Items listed in a dataset:

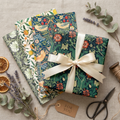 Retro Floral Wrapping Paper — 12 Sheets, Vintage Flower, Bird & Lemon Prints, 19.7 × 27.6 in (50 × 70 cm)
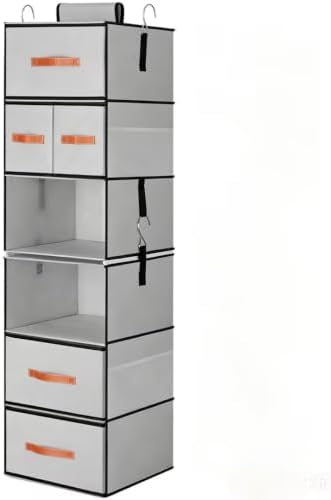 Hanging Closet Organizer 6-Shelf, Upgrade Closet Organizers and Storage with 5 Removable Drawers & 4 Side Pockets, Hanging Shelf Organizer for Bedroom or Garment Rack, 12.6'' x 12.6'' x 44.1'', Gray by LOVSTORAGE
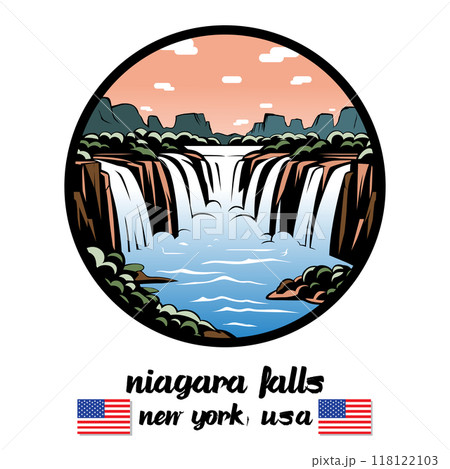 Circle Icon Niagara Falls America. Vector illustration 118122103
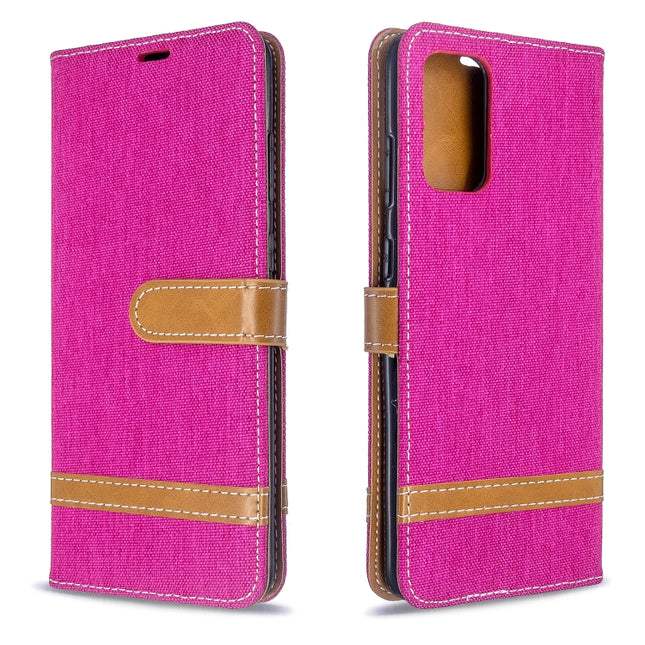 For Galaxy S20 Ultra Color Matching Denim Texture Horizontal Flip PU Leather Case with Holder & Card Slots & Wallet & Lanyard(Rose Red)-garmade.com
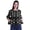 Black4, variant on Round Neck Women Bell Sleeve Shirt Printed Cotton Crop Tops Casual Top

Work order:
Only the records are wanted, copied exactly, with the pictures dropped.

Answer area:
 Retro Floral Wrapping Paper — 12 Sheets, Vintage Flower, Bird & Lemon Prints, 19.7 × 27.6 in (50 × 70 cm)
 Hanging Closet Organizer 6-Shelf, Upgrade Closet Organizers and Storage with 5 Removable Drawers & 4 Side Pockets, Hanging Shelf Organizer for Bedroom or Garment Rack, 12.6'' x 12.6'' x 44.1'', Gray by LOVSTORAGE
 Circle Icon Niagara Falls America. Vector illustration 118122103
 For Galaxy S20 Ultra Color Matching Denim Texture Horizontal Flip PU Leather Case with Holder & Card Slots & Wallet & Lanyard(Rose Red)-garmade.com
 Black4, variant on Round Neck Women Bell Sleeve Shirt Printed Cotton Crop Tops Casual Top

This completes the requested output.